**EXERCISE DESCRIPTION**
Would you please repeat, word for word, only the lines from the one holding "北京顺义学校排名,顺义中学排名前十名" through the one holding "Nepal Origin 1" in the material below, without the pictures?

+++ RECORDS FOR THE EXERCISE

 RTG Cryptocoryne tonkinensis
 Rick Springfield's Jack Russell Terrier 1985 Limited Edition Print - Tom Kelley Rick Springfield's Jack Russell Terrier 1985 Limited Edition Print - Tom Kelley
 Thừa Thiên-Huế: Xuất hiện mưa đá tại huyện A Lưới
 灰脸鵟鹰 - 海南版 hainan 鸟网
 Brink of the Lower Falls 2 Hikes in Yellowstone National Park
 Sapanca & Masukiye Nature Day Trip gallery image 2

++++++
+++ RECORDS FOR THE EXERCISE

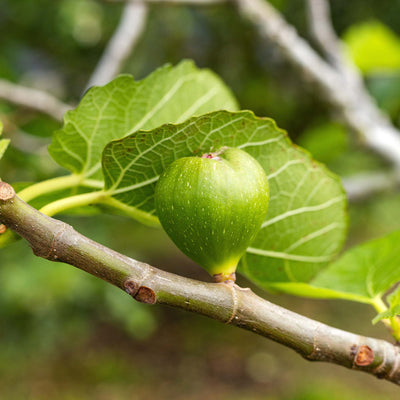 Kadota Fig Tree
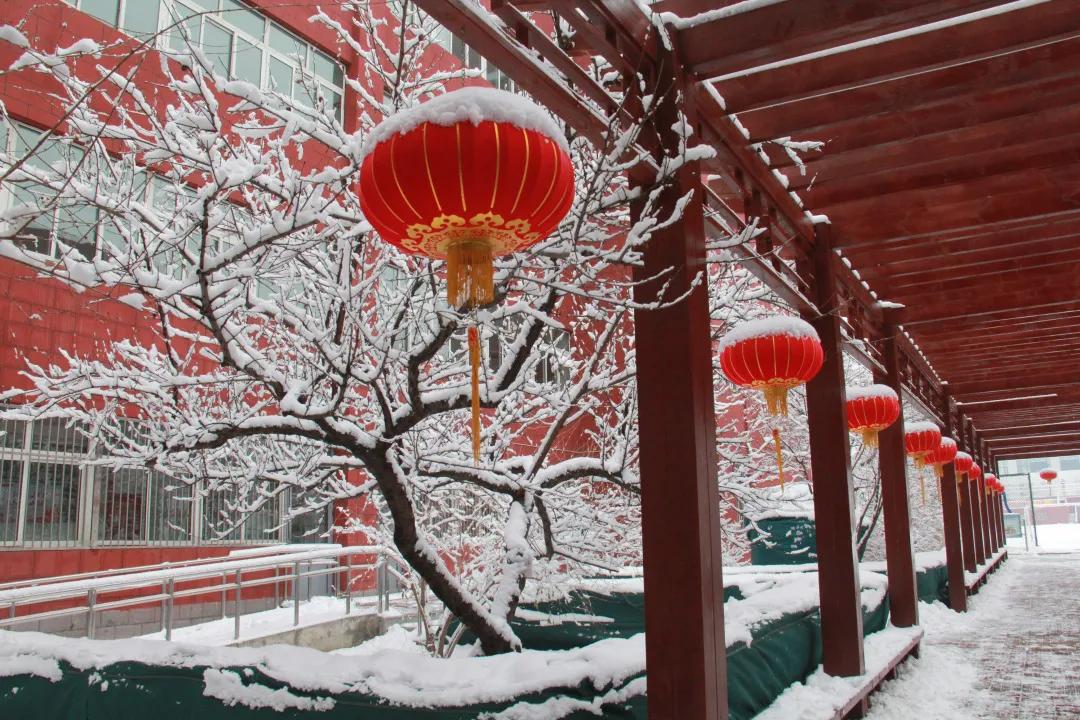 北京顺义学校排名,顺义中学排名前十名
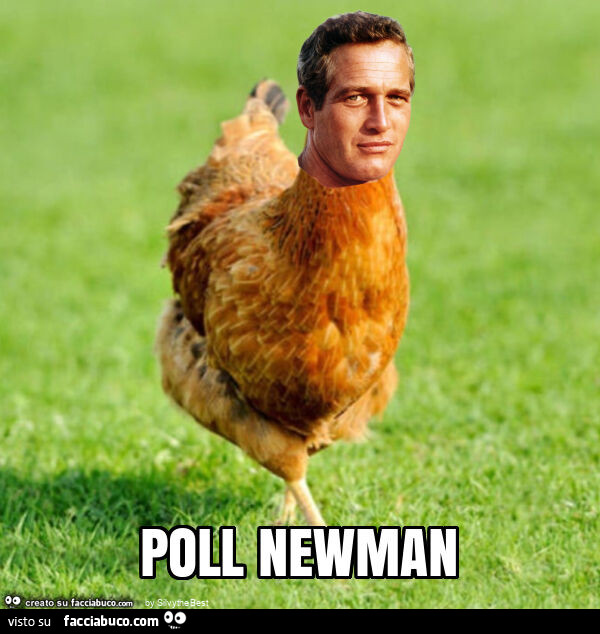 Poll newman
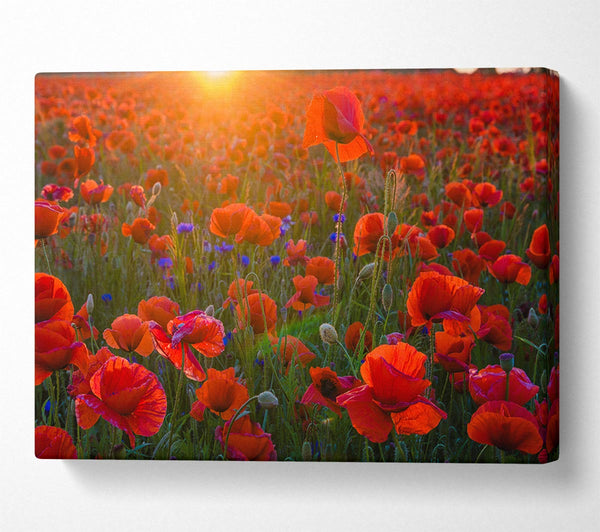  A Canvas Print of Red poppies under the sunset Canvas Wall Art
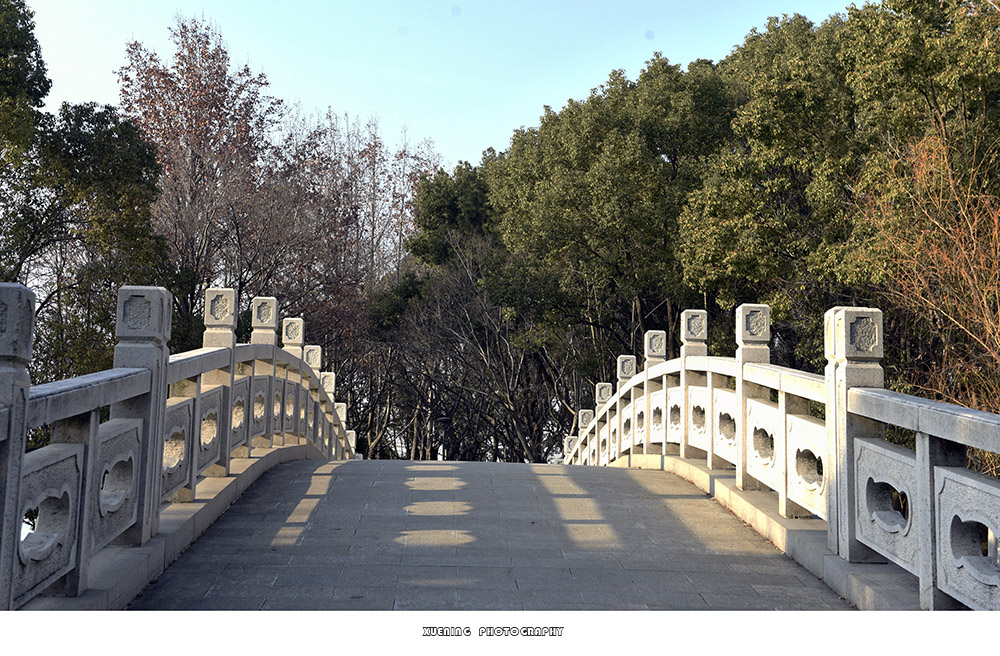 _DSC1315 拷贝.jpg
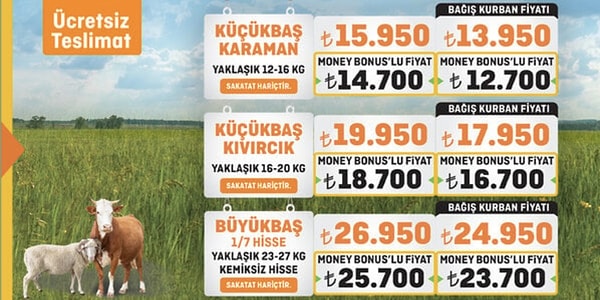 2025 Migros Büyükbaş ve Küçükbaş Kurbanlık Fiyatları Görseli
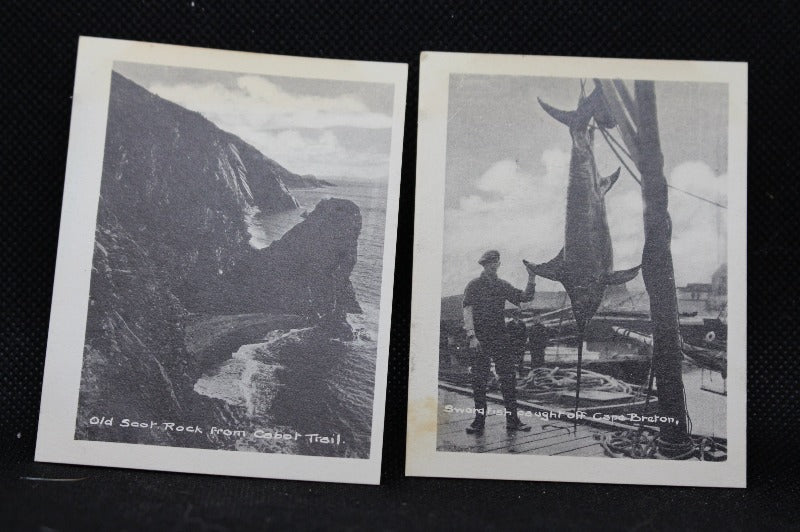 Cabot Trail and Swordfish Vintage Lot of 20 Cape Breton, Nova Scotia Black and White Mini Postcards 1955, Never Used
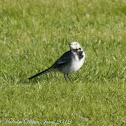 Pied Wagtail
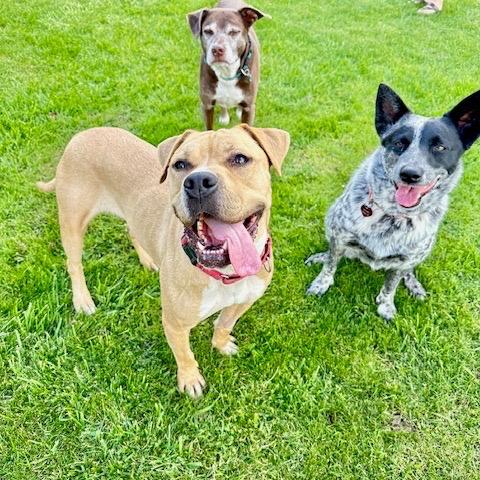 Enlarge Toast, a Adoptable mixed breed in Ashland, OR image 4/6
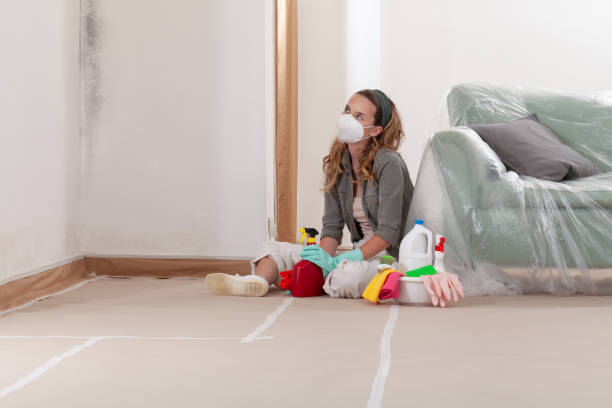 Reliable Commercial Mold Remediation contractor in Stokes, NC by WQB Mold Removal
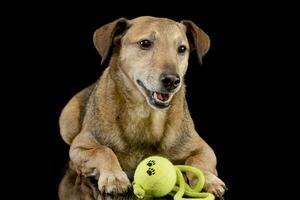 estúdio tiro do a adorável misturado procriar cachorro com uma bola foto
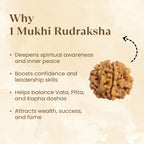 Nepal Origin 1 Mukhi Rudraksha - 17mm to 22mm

++++++

**REPLY**
 北京顺义学校排名,顺义中学排名前十名
 Poll newman
  A Canvas Print of Red poppies under the sunset Canvas Wall Art
 _DSC1315 拷贝.jpg
 2025 Migros Büyükbaş ve Küçükbaş Kurbanlık Fiyatları Görseli
 Cabot Trail and Swordfish Vintage Lot of 20 Cape Breton, Nova Scotia Black and White Mini Postcards 1955, Never Used
 Pied Wagtail
 Enlarge Toast, a Adoptable mixed breed in Ashland, OR image 4/6
 Reliable Commercial Mold Remediation contractor in Stokes, NC by WQB Mold Removal
 estúdio tiro do a adorável misturado procriar cachorro com uma bola foto
 Nepal Origin 1 Mukhi Rudraksha - 17mm to 22mm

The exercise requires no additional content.